引渡し後や入居後に後悔することのないように、突貫工事による施工ミスを早い段階で防ぎたいものです。

1-4.引渡し時期のトラブル

完成が遅れてしまった場合、引渡日まで遅れざるをえないことがよくあります。完成日と引渡し日の間隔が近い予定であったならば、高い可能性で引渡日まで遅れることになります。

引渡日が遅れたら、買主は予定より引越し日までも遅れることになることがあり、もし今の住宅の賃貸契約期間を過ぎることになれば、実害が生じることもあります。引渡し時期の遅れは、売主と買主、工務店と施主の間で大きなトラブルとなる可能性があることなのです。

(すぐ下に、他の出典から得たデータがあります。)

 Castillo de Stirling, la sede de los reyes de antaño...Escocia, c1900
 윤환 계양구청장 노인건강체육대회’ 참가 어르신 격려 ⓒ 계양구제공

2.完成・引渡しが遅れたときの内覧会の注意点とその対策

完成や引渡しが遅れたときの心配事を把握したうえで、そういったときに開催される内覧会に関して買主が注意すべき点や対策について解説します。

2-1.施工ミスや不具合の有無を要チェック

前述したように、突貫工事による施工ミス・不具合が大変心配される状況ですから、買主としては入念に完成状態で施工ミス等のチェックをすべきです。

建物外観(基礎・外壁等)から室内の状況、床下、小屋裏まで時間をかけて雑な工事がないか確認しましょう。

工事が遅れた場合、工程の後半に予定していた壁下地材や内装材の工事が雑になりやすい傾向がありますが、他にもキッチンの配管が接続されていなかったり、ユニットバス天井点検口内部の換気ダクトが接続されていなかったりと驚くような施工ミスや設置忘れなどを発見することがあります。

担当の営業マンの人当たりがよくても、真面目でも、現場の雑な工事を抑止できるわけではありませんから、ドライに物事を見て対処する必要がありますから注意してください

2-2.内覧会に第三者の専門家を同行する

新築住宅の内覧会には、第三者の専門家を同行することが多いですが、工事が遅れた住宅では、大きな施工ミスが発見される可能性が高いのは確かですから、積極的に依頼を検討するとよいでしょう。

建物外観、室内、床下、屋根裏まで確認してもらい、補修すべき事項があれば、売主や工務店に指摘してもらうと安心感が増します。

2-3.引渡しが遅延すれば遅延損害金や違約金の請求を要検討

引渡日が契約で取り決めた日から延期になれば、状況次第で遅延による損害金や違約金の請求を検討してみましょう。工事が長引いたり、引渡日が遅れたりする原因が買主にある場合はだめですが、売主や工務店に原因があるならば、違約金等を求められることもあります。

注文建築の工事請負契約では、遅延した場合の措置を予め決めていることも多いですから、契約書の内容をよく読んで確認してください。

2-4.内覧会の開催を急かさない

注意すべきことは、内覧会の開催を急かさないということです。内覧会を急かすということは、つまり工事を急がせることになりますが、それでは雑な工事が増えて買主にとってはマイナス影響です。

買主としては、予め引越し日までゆとりあるスケジュールを組んでおき、万一の遅れにも柔軟に対応できる体制としておくことをオススメします。また、建築途中に何度か、遅れていないか質問して状況確認しておくとよいでしょう。工程の最後だけ急がせることはリスクが高いですが、普段から工程を守っていく意識を促すことは良い緊張感を生んでくれることも期待できます。